DURANTE UN INSTANTE, dentro de la choza se oyó el estridente zumbido de un mosquito, por encima del croar de las ranas de los manglares. Luego el sonido se apagó de repente.
Zondi, distraído, echó una ojeada a su alrededor para ver dónde se había posado y luego miró a Kramer con una ceja levantada.
—Ibas por lo de la Canción del Perro —le recordó Kramer.
—Ah, sí, teniente. Me dijeron que el jefe Kritzinger había preguntado por los detalles de una terrible colisión ocurrida el año pasado, cuando…
—Eso ya lo has dicho. ¿Y?
—Por desgracia, no me he enterado de más al respecto. Pero eso me ha permitido establecer una relación entre Fynn’s Creek y el jefe Kritzinger.
—Y a mí no me cabe duda de que aún se puede sacar mucho más de ese tema.
—El problema es que la información me llegó en la forma de un viejo rumor, pasado de boca en boca y originado por una persona muy enferma que había acudido a la songoma en busca de una cura especial. La songoma está casi sorda y por eso el jefe Kritzinger se vio obligado a comentar su problema en voz alta. Pero ella respondió con los murmullos propios de una anciana, y fue imposible oír sus palabras desde el exterior de la cueva. Por eso…
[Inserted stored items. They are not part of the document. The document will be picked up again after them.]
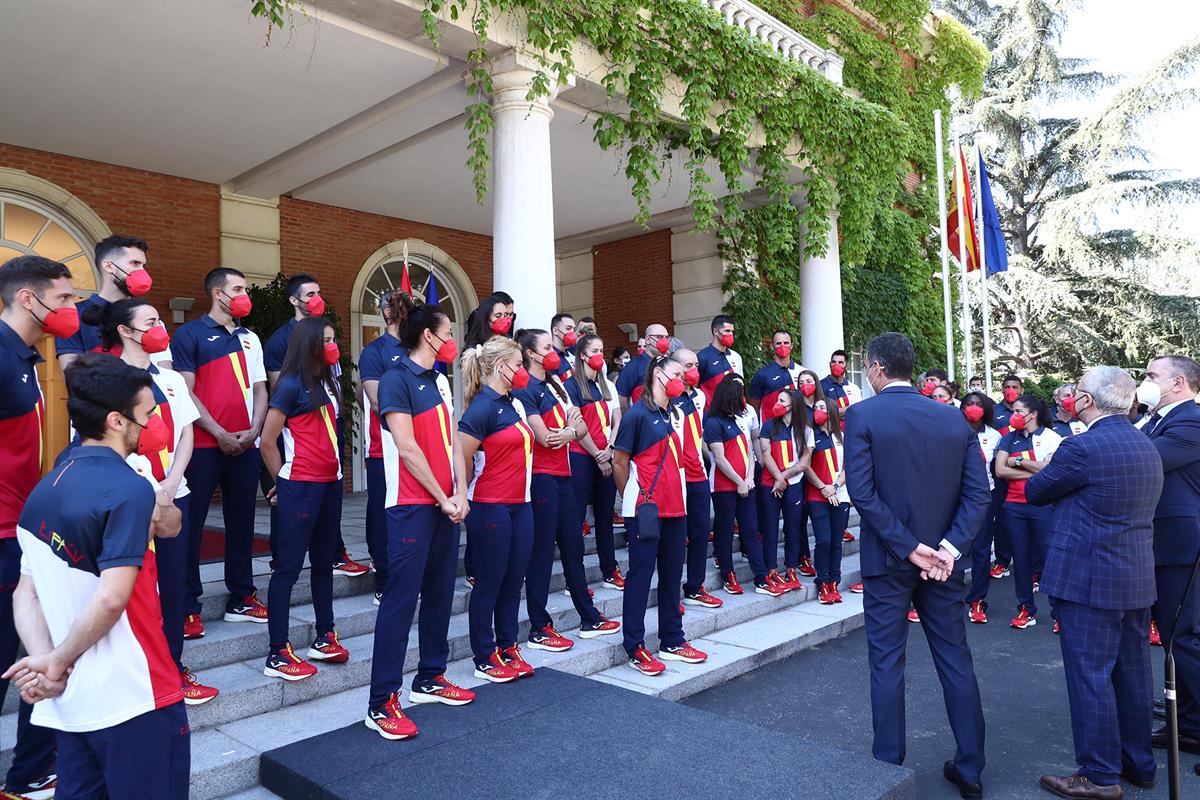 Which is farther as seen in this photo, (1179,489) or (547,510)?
(547,510)

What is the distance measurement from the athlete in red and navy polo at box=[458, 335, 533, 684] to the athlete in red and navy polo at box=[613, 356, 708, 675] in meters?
0.78

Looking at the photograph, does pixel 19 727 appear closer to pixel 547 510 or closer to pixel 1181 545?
pixel 547 510

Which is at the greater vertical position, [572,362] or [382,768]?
[572,362]

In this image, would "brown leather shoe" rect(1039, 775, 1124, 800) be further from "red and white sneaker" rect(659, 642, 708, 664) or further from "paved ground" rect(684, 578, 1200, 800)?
"red and white sneaker" rect(659, 642, 708, 664)

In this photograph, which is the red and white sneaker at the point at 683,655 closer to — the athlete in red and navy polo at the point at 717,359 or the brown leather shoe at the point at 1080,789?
the brown leather shoe at the point at 1080,789

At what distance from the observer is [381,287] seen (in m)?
12.7

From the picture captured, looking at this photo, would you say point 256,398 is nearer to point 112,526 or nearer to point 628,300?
point 112,526

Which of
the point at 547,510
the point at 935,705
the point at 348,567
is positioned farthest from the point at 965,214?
the point at 348,567

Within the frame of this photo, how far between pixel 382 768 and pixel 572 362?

—No me importa lo que ella le dijera: total, será una tontería —interrumpió Kramer—. Lo que me interesa mucho más es la naturaleza exacta de las preguntas que el teniente Kritzinger le hizo, porque las preguntas pueden revelar tantas cosas como las respuestas.
—Lo siento, pero ya le he dicho que no sé nada más. El problema es que la cueva queda muy lejos y…
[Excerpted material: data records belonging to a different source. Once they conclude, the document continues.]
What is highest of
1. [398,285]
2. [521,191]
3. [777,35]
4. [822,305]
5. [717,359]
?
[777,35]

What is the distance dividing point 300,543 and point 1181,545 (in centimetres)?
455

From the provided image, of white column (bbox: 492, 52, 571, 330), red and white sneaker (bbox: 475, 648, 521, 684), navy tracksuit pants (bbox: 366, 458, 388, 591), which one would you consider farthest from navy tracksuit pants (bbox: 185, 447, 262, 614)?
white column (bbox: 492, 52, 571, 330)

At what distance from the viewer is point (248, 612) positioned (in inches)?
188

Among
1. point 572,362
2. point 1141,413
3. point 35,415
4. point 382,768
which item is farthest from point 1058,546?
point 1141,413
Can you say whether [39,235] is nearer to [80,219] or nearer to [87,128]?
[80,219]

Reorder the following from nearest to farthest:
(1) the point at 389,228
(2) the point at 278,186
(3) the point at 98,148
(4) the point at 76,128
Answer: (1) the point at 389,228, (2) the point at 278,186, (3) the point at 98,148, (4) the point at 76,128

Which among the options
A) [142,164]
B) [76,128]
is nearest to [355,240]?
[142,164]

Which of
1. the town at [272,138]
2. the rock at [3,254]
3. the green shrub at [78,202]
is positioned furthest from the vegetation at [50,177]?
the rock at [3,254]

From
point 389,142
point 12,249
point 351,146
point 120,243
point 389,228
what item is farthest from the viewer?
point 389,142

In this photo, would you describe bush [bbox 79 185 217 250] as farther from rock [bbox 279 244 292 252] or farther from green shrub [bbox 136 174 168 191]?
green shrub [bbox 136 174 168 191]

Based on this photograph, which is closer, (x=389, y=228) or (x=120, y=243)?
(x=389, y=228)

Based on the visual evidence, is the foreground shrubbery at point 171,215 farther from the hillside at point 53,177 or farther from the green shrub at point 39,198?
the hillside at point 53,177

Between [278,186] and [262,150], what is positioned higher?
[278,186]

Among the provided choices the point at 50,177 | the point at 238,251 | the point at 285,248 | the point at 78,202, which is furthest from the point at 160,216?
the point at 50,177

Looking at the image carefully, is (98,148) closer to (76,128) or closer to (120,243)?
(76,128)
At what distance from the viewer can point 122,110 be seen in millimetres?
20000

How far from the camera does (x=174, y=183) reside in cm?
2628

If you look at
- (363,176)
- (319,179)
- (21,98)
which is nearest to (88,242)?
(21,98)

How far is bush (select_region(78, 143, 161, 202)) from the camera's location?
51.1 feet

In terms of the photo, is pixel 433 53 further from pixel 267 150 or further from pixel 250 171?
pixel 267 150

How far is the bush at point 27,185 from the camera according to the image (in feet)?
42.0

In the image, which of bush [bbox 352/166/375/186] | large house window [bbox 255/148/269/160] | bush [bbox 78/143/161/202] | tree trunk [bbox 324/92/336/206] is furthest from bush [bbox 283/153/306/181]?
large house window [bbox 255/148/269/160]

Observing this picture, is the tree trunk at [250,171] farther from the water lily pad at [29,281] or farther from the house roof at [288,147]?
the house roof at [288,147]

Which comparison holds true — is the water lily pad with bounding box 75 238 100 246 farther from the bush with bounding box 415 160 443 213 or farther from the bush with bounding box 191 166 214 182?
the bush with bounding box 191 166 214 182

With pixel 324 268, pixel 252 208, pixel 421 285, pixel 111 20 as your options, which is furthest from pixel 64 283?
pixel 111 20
—¿Y si te llevo en coche? ¿Cuánto tardaríamos?
—¿Hasta Mabata, jefe? Porque el resto del camino hay que hacerlo a pie, y son muchas millas.
—Sí, sí, hasta donde sea. ¿Dos horas? ¿Tres? Porque si…
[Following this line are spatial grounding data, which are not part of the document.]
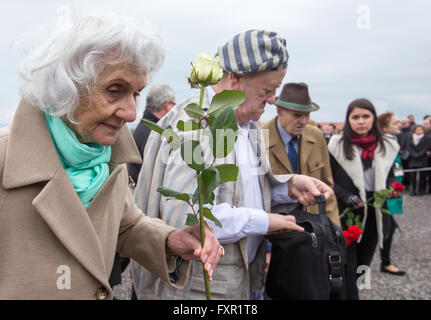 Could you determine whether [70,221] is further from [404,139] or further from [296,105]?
[404,139]

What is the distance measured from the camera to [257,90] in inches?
79.2

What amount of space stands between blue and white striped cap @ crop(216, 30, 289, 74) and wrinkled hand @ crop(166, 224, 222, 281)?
90 centimetres

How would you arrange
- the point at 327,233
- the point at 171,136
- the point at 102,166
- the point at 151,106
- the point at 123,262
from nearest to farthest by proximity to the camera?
the point at 171,136 → the point at 102,166 → the point at 327,233 → the point at 123,262 → the point at 151,106

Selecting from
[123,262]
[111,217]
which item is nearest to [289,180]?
[111,217]

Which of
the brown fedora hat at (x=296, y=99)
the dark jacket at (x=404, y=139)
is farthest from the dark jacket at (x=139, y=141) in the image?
the dark jacket at (x=404, y=139)

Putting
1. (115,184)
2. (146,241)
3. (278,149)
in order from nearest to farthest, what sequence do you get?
(115,184) < (146,241) < (278,149)

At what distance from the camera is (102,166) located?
139 cm

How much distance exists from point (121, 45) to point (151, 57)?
0.34ft

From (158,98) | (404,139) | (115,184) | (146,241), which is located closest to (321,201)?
(146,241)

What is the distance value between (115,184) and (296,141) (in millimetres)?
2367

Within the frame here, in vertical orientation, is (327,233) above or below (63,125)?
below

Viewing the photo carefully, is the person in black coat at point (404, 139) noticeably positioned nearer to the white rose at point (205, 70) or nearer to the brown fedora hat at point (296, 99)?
the brown fedora hat at point (296, 99)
—¡No! —saltó Zondi interrumpiendo a Kramer por primera vez—. Usted no lo entiende. Mama Pelapela, la songoma, es como un médico de verdad, y lo que sus pacientes le cuentan es un secreto. Se trata de un asunto de lo más sagrado.
—Pues le preguntaremos a la vieja hasta qué punto es sagrada la pasta que le pasa la Policía —gruñó Kramer.